On September 8, 2024 1:43:33 PM UTC, Stefano Rivera <stefa...@debian.org> wrote:
>Hi Louis-Philippe (2022.11.28_01:46:58_+0200)
>> Too often, a mistake or a misconfiguration leads to no tests being detected
>> when trying to run the upstream testsuite.
>> 
>> When this happens, the result of the test command typically looks like "Ran
>> 0 tests in 0.000s".
>
>A couple of years later:
>
>We've implemented the feature in Python 3.12, unittest's runner now
>exits with return value 5 if no tests were discovered, like pytest does.
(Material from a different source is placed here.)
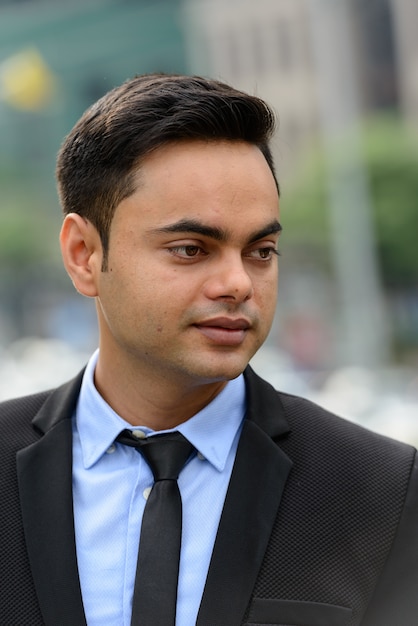 Portrait of young handsome Indian businessman in the city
>https://github.com/python/cpython/issues/113661
>
>We initially ignored this exit status in dh-python, to allow us to
>transition to Python 3.12, without too much pain.
>
>I've just done a rebuild test without ignoring it to see how much effort
>it would take to be able to use this feature:
>
>I built 6440 packages build-depending on dh-python in one way or
>another. 1483 failed, and 1124 of them say "NO TESTS RAN" in the logs.
>
>To fix these build failures, package maintainers would have these
>options:
>
>1. Get the build to run some unit tests (assuming they exist),
>2. override_dh_auto_test with something noop,
>3. export PYBUILD_DISABLE=test,
>4. We could make this failure opt-in in dh-python. Maybe via an explicit
>   --test-unittest option that selects the unittest runner. If you don't
>   explicitly select this runner, you'd get an attempt to run tests by
>   with unittest, and no failure if no tests are found.
>
>The downside of options 2 and 3 is that if the package does start
>gaining an upstream test suite, nothing ever will attempt to run it. I
>think that's OK?
>
>If you want to experiment yourself, there's a version of dh-python in
>experimental that will treat no tests as an error.
>
>Should we file bugs for these packages? Or implement option 4?
>
>Attached is a current dd-list.
>
Thanks.  I think some variation of #4 is the right answer.  Causing a thousand 
packages to FTBFS isn't great.  I would find it easier to have an environment 
variable (similar to what you suggested for #3) instead of adding an override, 
but that's more of an implementation detail.